Letting Go With Honour
There’s been a quiet grief I’ve carried for years — not just about the end of the relationship with my ex, but about the story I told myself about why it ended.
For a long time, I believed the worst.
I believed she never really loved me.
I believed she was only with me for my money.
And I believed that I was fundamentally unworthy of being loved.
But now I see how much of that narrative was shaped by pain.
And worse — by the influence of someone who benefited from me believing it: my mother.
I didn’t face the person who caused me the deepest pain.
Instead, I internalized it — and then let it spill into my relationship. I leaned on my mum when my partner couldn’t meet me emotionally, and I know now that made things worse.
The truth is, we just weren’t compatible.
And she wasn’t malicious.
She did love me — as much as she could, in her own way.
It wasn’t mature love, and we weren’t emotionally equipped to repair the ruptures.
But it was real. And I didn’t make it up.
My mum magnified every crack. Twisted it. Poisoned it.
She turned disagreements into betrayals, and turned my pain into a weapon — against someone who didn’t deserve it.
And I let it happen.
That’s the part that brings me the most shame.
But now… I’m letting go.
Not of the memories.
Not of the sadness.
But of the lie that it was all fake — and that I was unlovable.
She has a new partner now. He’s stable, grounded, probably a better match for where she is in life. And at the time, that hurt. It bruised my ego. It stung in ways I couldn’t admit back then.
But now? It doesn’t hurt anymore.
In fact — I’m genuinely happy for them.
It’s the best thing for her, for Victor, and probably for me too.
Because if we’d stayed together out of fear, confusion, or codependence, we all would’ve suffered.

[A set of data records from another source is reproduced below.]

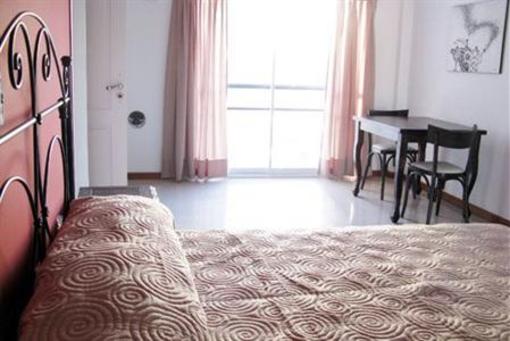 фото отеля Rent in Baires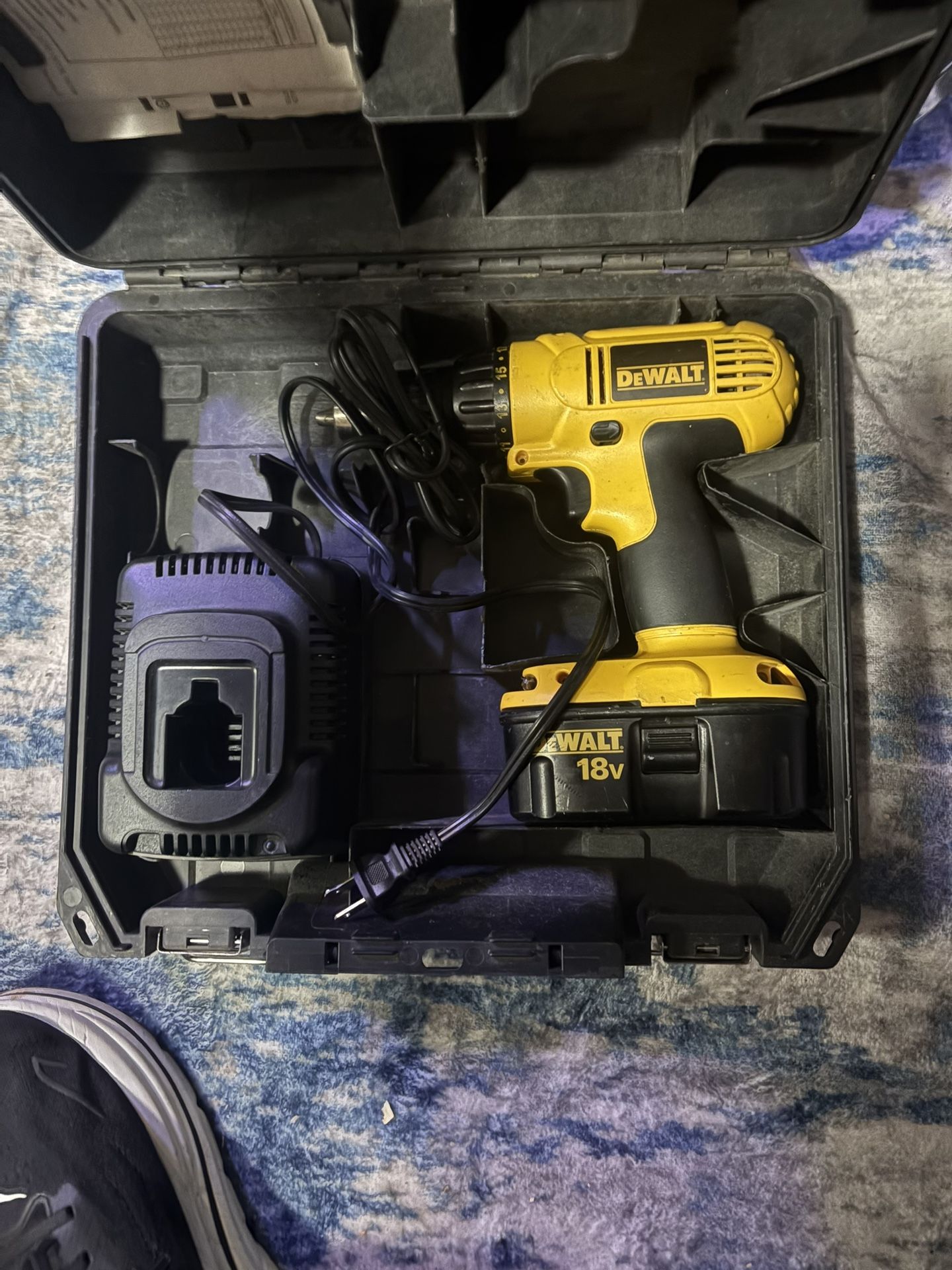 Dewalt 18V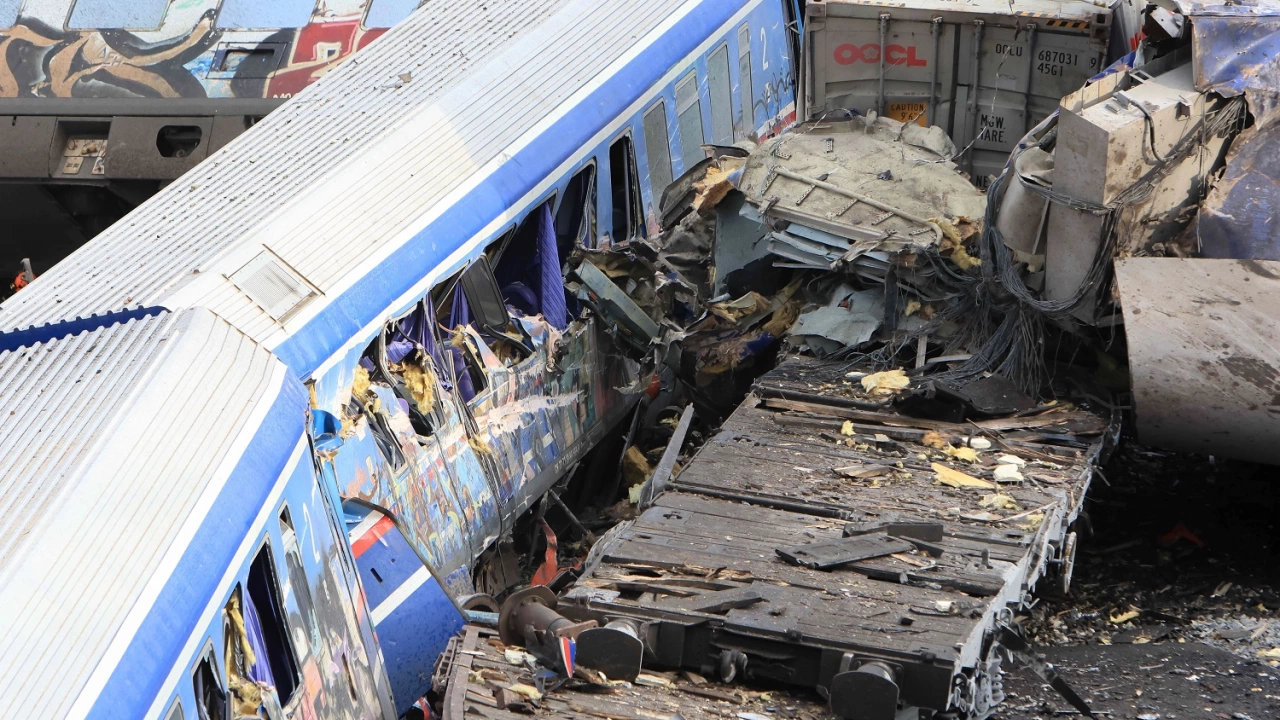 Загубен билет спаси живота на 22 годишна студентка при тежката влакова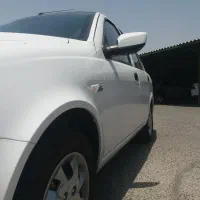 ساینا sمدل۱۴۰۴ 85گانه|خودرو سواری و وانت|کرج, حصارک پایین|دیوار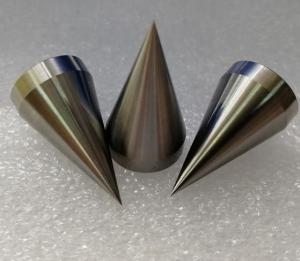 Quality Anodized Titanium Machining Services Industry Sports Golf Racing Car Parts wholesale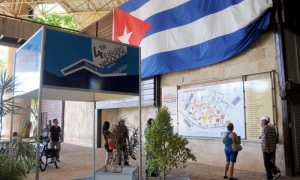 feria negocios abre puertas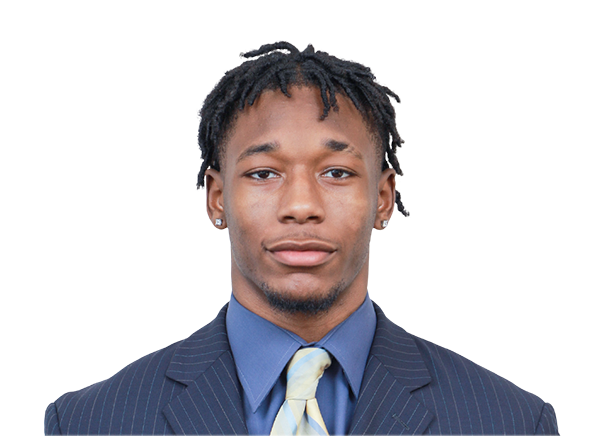 Jediyah Willoughby - Verified College Athlete on RallyFuel NIL Platform Jediyah Willoughby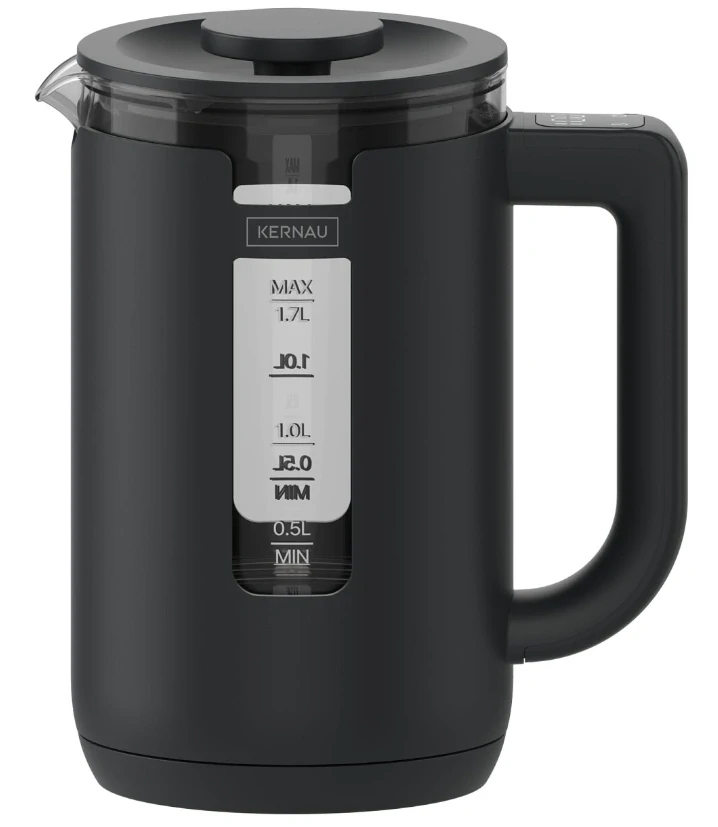 KSK 170 TG ANTHRACITE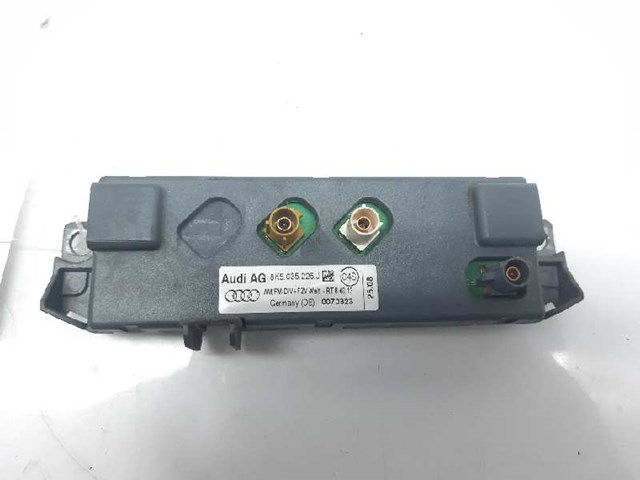 Reforçador do sinal de antena 8K5035225J VAG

That doesn’t mean it wasn’t real.
It just means it wasn’t meant to last.
And that truth no longer breaks me.
It grounds me.
Because we did our best — with what we had.
We had love, even if it wasn’t the kind that lasts.
And maybe most importantly: I’ve broken the cycle.
I won’t carry my mother’s poison forward.
I won’t hand it down to my son.
I’ve come out the other side with more clarity, more compassion, and a kind of peace that feels earned.
So I’m letting go now.
Not with blame.
But with honour.
Because we tried.
Because we loved.
And because it’s time to move on — with truth, not shame.